The current issue of the journal ‘SpuRt – Zeitschrift für Sport und Recht’ (issue 1/2026, p. 12 ff.) features an article by Prof. Cherkeh and Constantin Heyn entitled
‘Doping arbitration agreements before the CAS in light of the right to justice and effective legal protection in the Union’
In the practice of sports arbitration, the validity of the arbitration agreement plays a central role as a conditio sine qua non for the jurisdiction of the arbitral tribunals. Against this background, there is an urgent need to answer various questions concerning the procedural law of the CAS, which fears for its jurisdiction and integrity in the system of sports arbitration in Europe, and its seat, as well as that of the Swiss Federal Supreme Court as the court of appeal, in light of constitutional law, the ECtHR and the latest rulings of the ECJ (ISU and Seraing cases).

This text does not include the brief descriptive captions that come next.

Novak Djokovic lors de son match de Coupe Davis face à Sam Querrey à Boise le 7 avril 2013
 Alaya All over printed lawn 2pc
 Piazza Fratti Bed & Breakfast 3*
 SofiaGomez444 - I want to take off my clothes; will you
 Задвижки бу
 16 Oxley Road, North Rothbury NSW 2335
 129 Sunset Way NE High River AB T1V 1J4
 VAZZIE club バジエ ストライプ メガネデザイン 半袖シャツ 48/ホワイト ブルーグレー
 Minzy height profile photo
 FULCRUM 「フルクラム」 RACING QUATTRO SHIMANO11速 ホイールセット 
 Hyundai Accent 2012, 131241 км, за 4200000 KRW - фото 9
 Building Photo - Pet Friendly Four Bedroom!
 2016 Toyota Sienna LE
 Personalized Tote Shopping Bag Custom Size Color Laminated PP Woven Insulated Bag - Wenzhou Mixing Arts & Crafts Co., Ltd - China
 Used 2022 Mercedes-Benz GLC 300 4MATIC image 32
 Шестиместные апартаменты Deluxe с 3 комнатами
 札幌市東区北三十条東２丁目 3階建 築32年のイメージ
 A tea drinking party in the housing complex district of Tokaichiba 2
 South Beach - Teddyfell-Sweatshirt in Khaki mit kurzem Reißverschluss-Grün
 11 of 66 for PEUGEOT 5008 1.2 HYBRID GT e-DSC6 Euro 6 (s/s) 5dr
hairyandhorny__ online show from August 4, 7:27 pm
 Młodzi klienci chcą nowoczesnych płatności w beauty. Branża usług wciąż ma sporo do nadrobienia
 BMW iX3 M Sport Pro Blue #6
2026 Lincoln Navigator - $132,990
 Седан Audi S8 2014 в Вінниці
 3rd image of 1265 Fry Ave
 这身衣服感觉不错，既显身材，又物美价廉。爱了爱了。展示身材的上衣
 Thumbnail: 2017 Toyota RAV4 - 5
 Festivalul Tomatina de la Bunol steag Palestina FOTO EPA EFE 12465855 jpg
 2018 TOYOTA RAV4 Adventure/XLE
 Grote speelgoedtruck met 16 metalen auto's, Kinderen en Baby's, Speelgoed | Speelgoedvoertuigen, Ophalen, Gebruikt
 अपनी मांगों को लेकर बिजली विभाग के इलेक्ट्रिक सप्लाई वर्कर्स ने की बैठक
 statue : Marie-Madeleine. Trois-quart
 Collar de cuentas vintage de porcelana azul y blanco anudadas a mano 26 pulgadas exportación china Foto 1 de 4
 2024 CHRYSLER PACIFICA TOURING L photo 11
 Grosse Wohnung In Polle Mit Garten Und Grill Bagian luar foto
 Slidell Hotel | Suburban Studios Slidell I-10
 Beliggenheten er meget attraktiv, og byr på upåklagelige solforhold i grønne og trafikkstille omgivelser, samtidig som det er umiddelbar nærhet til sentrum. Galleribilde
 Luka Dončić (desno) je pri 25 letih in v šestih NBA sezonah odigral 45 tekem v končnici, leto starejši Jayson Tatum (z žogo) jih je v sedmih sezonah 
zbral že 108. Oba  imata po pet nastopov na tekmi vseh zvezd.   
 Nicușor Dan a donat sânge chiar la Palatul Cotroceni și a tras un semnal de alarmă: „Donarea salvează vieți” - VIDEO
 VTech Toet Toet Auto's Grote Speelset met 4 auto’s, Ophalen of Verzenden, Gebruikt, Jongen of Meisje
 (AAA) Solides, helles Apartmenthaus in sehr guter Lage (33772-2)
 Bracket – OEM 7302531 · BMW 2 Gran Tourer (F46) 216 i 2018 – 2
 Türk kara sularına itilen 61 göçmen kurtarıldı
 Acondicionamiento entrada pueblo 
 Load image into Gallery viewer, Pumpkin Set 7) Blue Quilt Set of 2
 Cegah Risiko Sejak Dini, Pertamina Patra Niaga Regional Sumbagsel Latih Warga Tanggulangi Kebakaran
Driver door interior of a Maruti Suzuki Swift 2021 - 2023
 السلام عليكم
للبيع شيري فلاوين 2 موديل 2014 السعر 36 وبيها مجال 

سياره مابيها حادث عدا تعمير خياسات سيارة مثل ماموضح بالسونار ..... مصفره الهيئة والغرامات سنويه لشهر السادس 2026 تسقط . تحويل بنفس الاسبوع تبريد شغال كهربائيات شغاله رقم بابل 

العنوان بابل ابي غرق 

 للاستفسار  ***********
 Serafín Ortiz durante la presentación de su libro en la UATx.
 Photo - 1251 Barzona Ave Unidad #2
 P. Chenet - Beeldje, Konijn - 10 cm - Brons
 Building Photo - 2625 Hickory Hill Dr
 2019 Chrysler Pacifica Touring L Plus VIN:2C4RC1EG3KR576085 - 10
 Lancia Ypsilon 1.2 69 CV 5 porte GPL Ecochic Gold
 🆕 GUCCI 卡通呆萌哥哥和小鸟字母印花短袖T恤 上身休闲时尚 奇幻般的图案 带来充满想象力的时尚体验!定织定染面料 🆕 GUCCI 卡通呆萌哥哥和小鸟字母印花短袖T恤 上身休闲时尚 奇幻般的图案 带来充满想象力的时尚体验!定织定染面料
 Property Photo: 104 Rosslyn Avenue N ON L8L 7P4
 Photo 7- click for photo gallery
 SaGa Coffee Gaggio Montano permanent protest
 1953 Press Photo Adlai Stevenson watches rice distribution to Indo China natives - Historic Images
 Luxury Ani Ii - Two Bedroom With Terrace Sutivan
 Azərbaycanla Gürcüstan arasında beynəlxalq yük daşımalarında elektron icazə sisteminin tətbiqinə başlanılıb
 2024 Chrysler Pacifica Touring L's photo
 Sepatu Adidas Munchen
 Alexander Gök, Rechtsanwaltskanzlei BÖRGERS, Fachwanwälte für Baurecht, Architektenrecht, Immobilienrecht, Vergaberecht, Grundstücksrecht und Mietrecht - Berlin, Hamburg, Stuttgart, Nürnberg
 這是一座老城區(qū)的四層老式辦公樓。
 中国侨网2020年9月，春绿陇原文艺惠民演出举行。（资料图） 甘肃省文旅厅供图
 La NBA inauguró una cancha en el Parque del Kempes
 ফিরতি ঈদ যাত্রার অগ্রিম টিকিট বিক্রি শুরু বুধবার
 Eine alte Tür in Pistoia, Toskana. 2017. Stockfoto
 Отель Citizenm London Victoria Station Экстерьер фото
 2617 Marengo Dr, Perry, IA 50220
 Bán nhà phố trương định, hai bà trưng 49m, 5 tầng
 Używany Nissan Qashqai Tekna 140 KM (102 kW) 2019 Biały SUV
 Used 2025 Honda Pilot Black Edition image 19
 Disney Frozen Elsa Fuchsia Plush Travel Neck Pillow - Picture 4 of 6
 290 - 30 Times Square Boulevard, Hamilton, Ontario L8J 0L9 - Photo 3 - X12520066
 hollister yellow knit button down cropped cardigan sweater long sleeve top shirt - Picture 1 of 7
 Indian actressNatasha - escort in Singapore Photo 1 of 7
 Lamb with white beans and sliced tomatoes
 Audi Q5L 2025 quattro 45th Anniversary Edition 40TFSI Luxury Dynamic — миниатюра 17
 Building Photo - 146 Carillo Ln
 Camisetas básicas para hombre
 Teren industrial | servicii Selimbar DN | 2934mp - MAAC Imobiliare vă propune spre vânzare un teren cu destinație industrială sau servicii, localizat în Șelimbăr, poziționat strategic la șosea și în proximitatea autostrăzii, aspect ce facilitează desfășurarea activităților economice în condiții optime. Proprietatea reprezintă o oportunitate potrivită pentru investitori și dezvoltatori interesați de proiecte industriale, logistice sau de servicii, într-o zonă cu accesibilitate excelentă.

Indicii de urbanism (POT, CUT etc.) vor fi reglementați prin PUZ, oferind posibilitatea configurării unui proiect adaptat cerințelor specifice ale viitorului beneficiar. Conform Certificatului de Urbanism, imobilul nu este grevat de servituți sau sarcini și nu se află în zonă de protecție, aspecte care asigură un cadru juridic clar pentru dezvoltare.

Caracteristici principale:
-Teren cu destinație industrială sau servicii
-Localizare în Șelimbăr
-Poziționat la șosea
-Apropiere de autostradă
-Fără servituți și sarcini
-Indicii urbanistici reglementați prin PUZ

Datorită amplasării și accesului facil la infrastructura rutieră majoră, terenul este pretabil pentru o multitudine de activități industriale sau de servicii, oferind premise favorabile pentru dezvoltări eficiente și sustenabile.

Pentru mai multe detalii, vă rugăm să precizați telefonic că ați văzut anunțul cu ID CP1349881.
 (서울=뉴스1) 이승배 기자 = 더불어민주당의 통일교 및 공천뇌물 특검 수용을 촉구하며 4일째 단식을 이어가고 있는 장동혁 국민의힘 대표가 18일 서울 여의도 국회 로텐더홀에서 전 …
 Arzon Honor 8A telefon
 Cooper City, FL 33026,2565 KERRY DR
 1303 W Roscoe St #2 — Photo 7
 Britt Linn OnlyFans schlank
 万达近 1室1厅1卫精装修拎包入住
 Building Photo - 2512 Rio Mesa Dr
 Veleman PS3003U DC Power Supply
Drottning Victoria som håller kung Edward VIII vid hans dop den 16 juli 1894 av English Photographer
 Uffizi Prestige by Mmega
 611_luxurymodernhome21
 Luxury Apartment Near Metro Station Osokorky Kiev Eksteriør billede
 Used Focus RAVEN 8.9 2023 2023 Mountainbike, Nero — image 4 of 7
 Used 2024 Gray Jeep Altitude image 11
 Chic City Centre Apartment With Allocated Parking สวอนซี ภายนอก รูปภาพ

In this article, Constantin Heyn and Prof. Cherkeh show the extent to which CAS arbitration agreements in doping disputes impose on athletes a right to arbitration that, from the perspective of both procedural guarantees under the rule of law under Article 6(1) of the ECHR (granting of public proceedings and legal aid) and the requirement for effective judicial review under fundamental EU law. The arbitration law applicable in CAS proceedings therefore offers no guarantee of compliance with minimum standards of the rule of law in the form of the procedural guarantees of Article 6(1) of the ECHR, nor does it offer effective judicial review of arbitral awards against the EU public policy standard. In our opinion, athletes cannot therefore be referred to such arbitration proceedings, but must have access to ordinary courts in the absence of an effective arbitration agreement until sports arbitration law meets the requirements of constitutional and European law.